Ist denn das nicht immer der Fall?

Bis zu einem gewissen Grad schon, aber in Forsmark war gleichzeitig ein Werk, das von aussen Strom lieferte, in Renovation. Es geht um die Frage, wie viel Reserve man braucht.

Und was geschah in Leibstadt letztes Jahr?

Am Ostermontag kam es zu einem Generatorschaden; der Generator musste nachher während sechs Monaten überholt werden. Man nimmt an, dass eine Spannungsschwankung im externen Stromnetz ein Grund oder der Hauptgrund für den Schaden war. Leibstadt musste die Schwankung auffangen, aber das kann ein AKW nur beschränkt.

Wenn AKW auf Schwankungen im externen Netz so sensibel reagieren: Was geschähe bei einem Totalausfall, wie ihn Italien im Herbst 2004 erlebte?

Im Prinzip sind AKW für einen Stromausfall ausgerüstet. Aber Forsmark zeigt, dass offenbar nicht alles drinliegt.

Mehrere Schweizer AKW haben in den vergangenen Jahren ihre Leistung erhöht. Sind die Sicherheitssysteme entsprechend angepasst worden?

Die Werke sind von Anfang an auf die Option einer Leistungserhöhung ausgelegt gewesen. Was die Leistungserhöhung für die Sicherheitssysteme genau bedeutet, wird man aber erst nach ein paar Jahren sehen. Vermutlich werden Komponenten häufiger ausgetauscht werden müssen. Die Schweizer Aufsichtsbehörde HSK erstellt derzeit eine Bilanz der Leistungserhöhungen.




Das AKW in Leibstadt

Ähnlich wie beim Atomkraftwerk Forsmark in Schweden hat man auch im aargauischen Atomkraftwerk Leibstadt vor sechs Jahren eine Leistungserhöhung bewilligt. Die Leistungserhöhung war umstritten. Das Öko-Institut Darmstadt legte damals in einem Bericht dar, dass die 14,7 Prozent höhere Leistung das Unfallrisiko um 25 bis 30 Prozent erhöhe.
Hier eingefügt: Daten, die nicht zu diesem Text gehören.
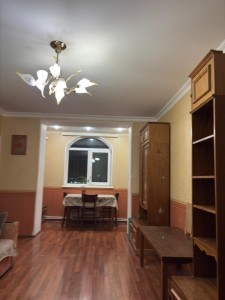 2 otaqlı köhnə tikili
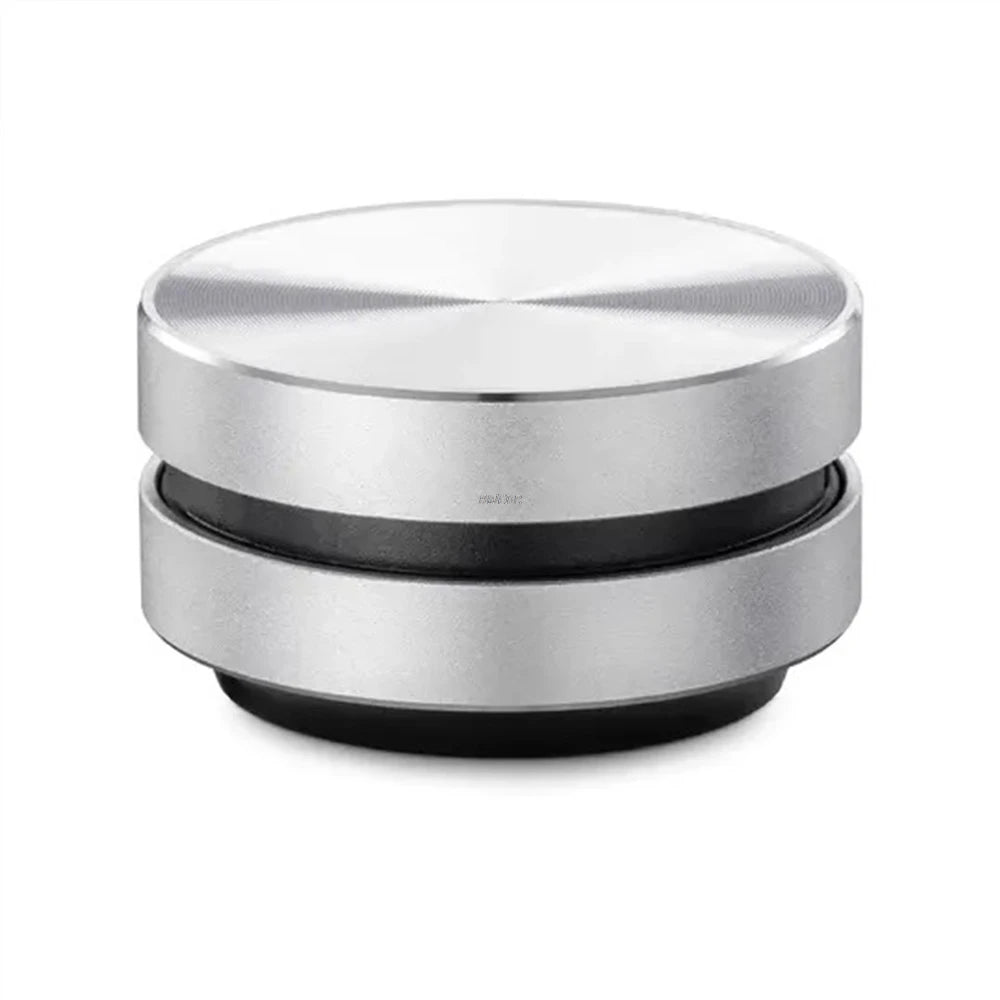 SonicBird X1 – Wireless Bone Conduction Speaker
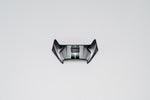 X-14 U.AIR INTAKE AERODYN T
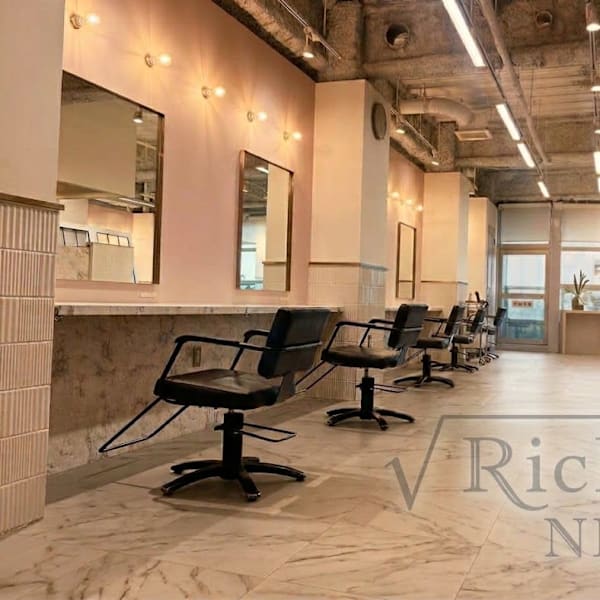 RICHAIR.NEU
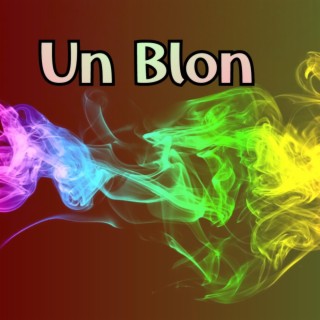 Un Blon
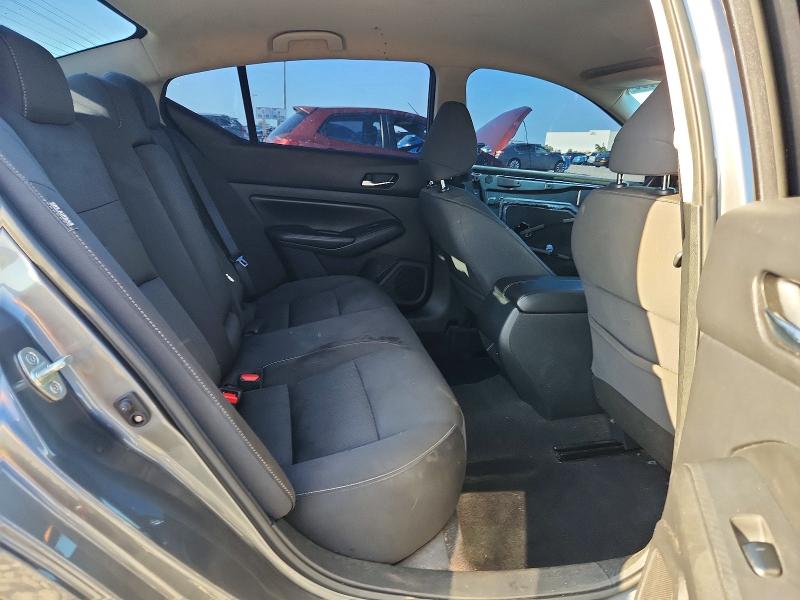 Auction sale of the 2020 Nissan Altima, vin: 1N4BL4BV6LC238301, lot number: 65444026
Zudem würden die Sicherheitsreserven markant reduziert, wenn man mehr aus dem Reaktor heraushole.

Ungemütlich liest sich auch der Bericht, den die Deutsch-Schweizer Kommission für Sicherheit in Atomanlagen (DSK) - eine offizielle Kommission von Deutschland und der Schweiz - vor zehn Jahren zu Leibstadt publizierte. Darin schreibt die Kommission: «Zur Beherrschung des Störfalls «Ausfall der Reaktorschnellabschaltung» ist das Eingreifen des Operateurs erforderlich.» Laut Informationen der WOZ müsste dann das Betriebspersonal die Substanz Bor in den Reaktor einspeisen, um die atomare Kettenreaktion zu stoppen. Nach einer solchen Operation kann man jedoch den Reaktor während Tagen oder Wochen nicht mehr in Betrieb nehmen. Jeder Operateur wird es sich deshalb reiflich überlegen, ob er zu diesem Mittel greift. Im DSK-Bericht steht weiter, wenn die Reaktorschnellabschaltung ausfalle, müsse der Operateur «in den ersten zwei bis drei Minuten» handeln - danach sei es zu spät, es käme vermutlich zu einer Kernschmelze. Schweden zeigt: Wenn etwas schief läuft, bricht zuerst Chaos aus, man ist kaum in der Lage, in zwei, drei Minuten zu begreifen, was los ist. Deshalb forderte damals die DSK, dass die Operateure in Leibstadt mindestens zehn Minuten Reaktionszeit haben müssten. Laut Anton Treier, Sprecher der Hauptabteilung für die Sicherheit der Kernanlagen, haben die Leibstadter Operateure heute diese zehn Minuten - immer noch eine beängstigend kurze Zeit.

Susan Boos

Walter Wildi ist Präsident der Eidgenössischen Kommission für die Sicherheit von Kernanlagen (KSA), die den Bundesrat berät, sowie Geologieprofessor an der Universität Genf. In diesem Interview äussert sich Wildi als Privatperson.